One of the subatomic particles that make up an atom's nucleus is the proton. Protons are incredibly tiny, but even more so are the quarks that make them up. Quarks come in several "flavors," or varieties, including up, down, weird, charm, bottom, and top. A proton is typically believed to be composed of two up quarks and one down quark.
But according to recent research, it's more complicated
than that. A charm quark, an elementary particle 1.5 times as massive as the
proton itself, may also be found in protons. Stranger still, even when the
charm quark is present in the proton, the heavy particle only bears roughly
half of the proton's mass.
The discovery is entirely based on the probabilistic realm of
quantum physics. Despite being hefty, the charm quark has a low probability of
being in a proton, thus its large mass and low probability essentially cancel
each other out. In other words, even if the charm quark is there, the proton
doesn't absorb the entire mass of the quark, according to a story from Science
News.
Protons are exceedingly intricate while being vital to the
construction of atoms, which constitute all matter. The underlying makeup of
protons is unknown to physicists. According to quantum physics, protons might
occasionally include quarks other than the up and down ones that are known to
be present, according to Stefano Forte of the University of Milan. Forte was
speaking on the podcast Nature Briefing (opens in new tab). A new study
demonstrating the charm quark in protons was co-authored by Forte and released
in the journal Nature on August 17.
The different quarks kinds are six. There are three elements
that are heavier than protons and three that are lighter. To determine if a
proton might carry a quark heavier than itself, physicists opted to start with
the charm quark because it is the lightest of the heavy batch. They
accomplished this by applying a fresh perspective to 35 years' worth of
particle-smashing data.
At particle accelerators like the Large Hadron Collider, the
largest atom smasher in the world, which is located close to Geneva, scientists
hurl particles against each other at breakneck speeds to learn about the
structure of subatomic and elementary particles. These particle-smashing
records, which date back to the 1980s, were acquired by researchers with the
nonprofit NNPDF cooperation. They include illustrations of experiments in which
photons, electrons, muons, neutrinos, and even other protons collided with
protons. Researchers can reassemble the particles' initial state by examining
the collision-related debris.
In the current study, the researchers gave all of this
collision data to a machine-learning system that was programmed to hunt for
patterns without considering the potential appearance of the structures.

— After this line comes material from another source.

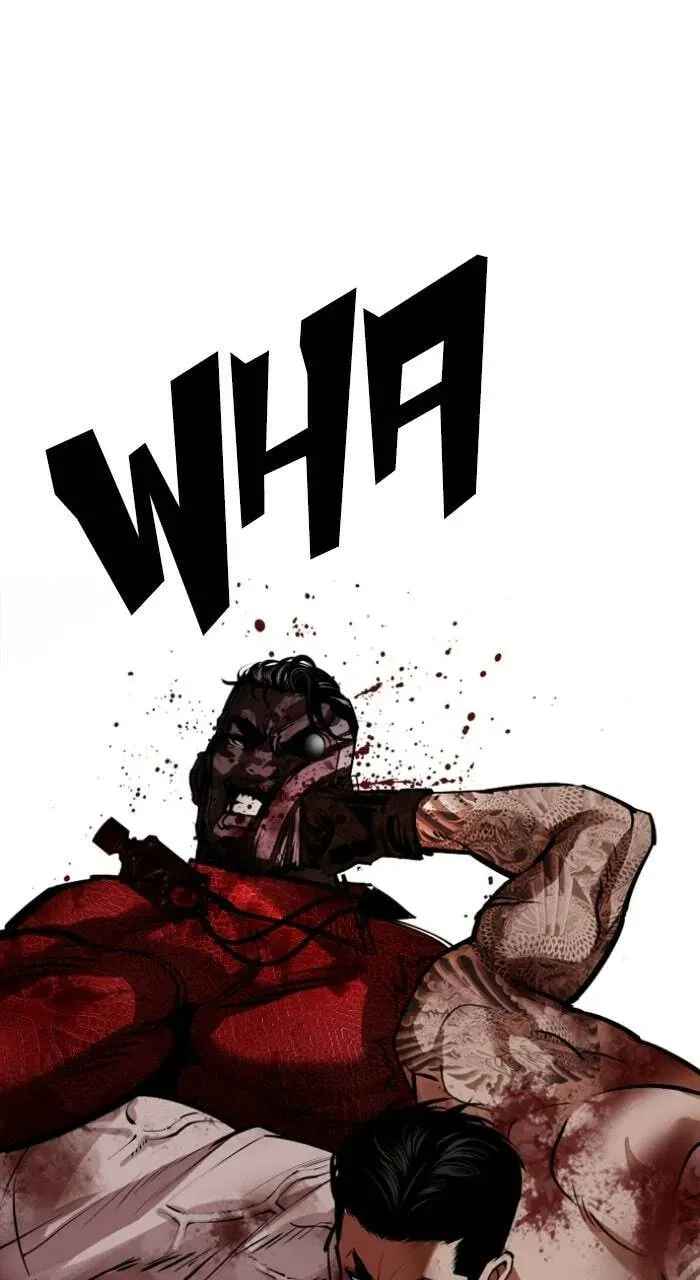 Lookism — Chapter 21.1 — page 98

Possible structures and their chance of existing were returned by the
algorithm.
According to Forte of Nature Briefing, the study showed a
"small but not insignificant" possibility of discovering a charm
quark. The results constitute the "first concrete proof" that the
charm quark may exist, according to Forte, even if the amount of evidence
wasn't sufficient for the researchers to announce the irrefutable discovery of
the charm quark in protons.
Forte said that the proton's structure is significant
because, in order to find new fundamental particles, physicists will need to
find minute discrepancies between what theories predict and what is actually
observed. To do this, exceedingly accurate measurements of subatomic structures
are needed.
The illusive "charm" within a proton still needs additional information, at least for the time being. Future research might be helpful, according to Tim Hobbs, a theoretical physicist at Fermilab in Batavia, Illinois. Future research could include the Electron-Ion Collider at Brookhaven National Laboratory in Upton, New York, which is slated to be built.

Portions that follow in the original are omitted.